As each season comes around I somehow feel that it must be the best time of year right now. Each autumn my father, in his sixties and ever keen for an adventure, comes out to visit. We usually head out to explore some corner of the Alps I havn’t visited before so it is an adventure and research for me too. He has spent much if his life working in the woods and so we each see very different aspects of the landscape. Traveling together on shares different aspects than one sees individually.

I find even the idea of wilderness, emotionally loaded as it is these days, to be a refreshing idea for the mind. Riffling through maps, planning routes, cols and nights in remote refuges. It is easy to think that the Alps are so worn into the groove of tourism that no wilderness can be found. One only has to explore them on skis in the winter when all civilization is hidden under the snows, or stride out for in the autumn, to find enormous tracts of land can be traversed with little contact with the trappings of society. Though much of the landscape is busy with hikers and climbers throughout the summer months only a few seem to venture out in the Alpine hills in the Autumn!

Though the valley hardwoods have only just begun to turn, the frosts have already touched the high pastures and the top of the tree line. The larch needles have already warmed to a fiery orange and are ready for a gusty storm to scatter their colour. As I walked under some low branches they caressed my shoulder, covering me in needles and filled the open camera bag at my waist. When meandering in the mountains without specific objectives in mind I find I am more open to the experience of the landscape. I find the anticipation of each horizon fills me with a quiet euphoria and I savour each revelation as the landscape unfolds. For me this provides a rhythm to these delicate mountain days.

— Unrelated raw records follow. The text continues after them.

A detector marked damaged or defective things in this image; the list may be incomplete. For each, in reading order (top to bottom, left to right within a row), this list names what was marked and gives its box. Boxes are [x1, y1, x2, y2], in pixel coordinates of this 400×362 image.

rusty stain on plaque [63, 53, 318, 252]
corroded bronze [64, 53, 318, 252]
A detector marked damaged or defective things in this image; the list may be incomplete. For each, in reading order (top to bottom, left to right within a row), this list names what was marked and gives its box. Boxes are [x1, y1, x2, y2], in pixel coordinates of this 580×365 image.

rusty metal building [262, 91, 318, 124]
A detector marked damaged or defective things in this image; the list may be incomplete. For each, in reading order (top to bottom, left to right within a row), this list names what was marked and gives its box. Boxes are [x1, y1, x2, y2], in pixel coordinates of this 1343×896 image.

All the Swiss and French national Alpine Club huts and refuges I have visited have had a ‘winter room’. In Italy this seems a little more irregular. The weather forecast in the western Alps for the week my dad was out was atrocious, with repeated bands of weather from the northwest. We opted to drive 5 hours east across northern Italy to outflank the worst of it. My Italian is very poor and I had failed to find out conclusively whether the Rifugio Cristina, high above Valmalenco would have a winter room.

On arriving at the Cristina we found there was no winter room, but by good fortune the ebullient guardian Marcello was doing some maintenance work on his Rifugio and kindly let us use one of his outbuildings for the night.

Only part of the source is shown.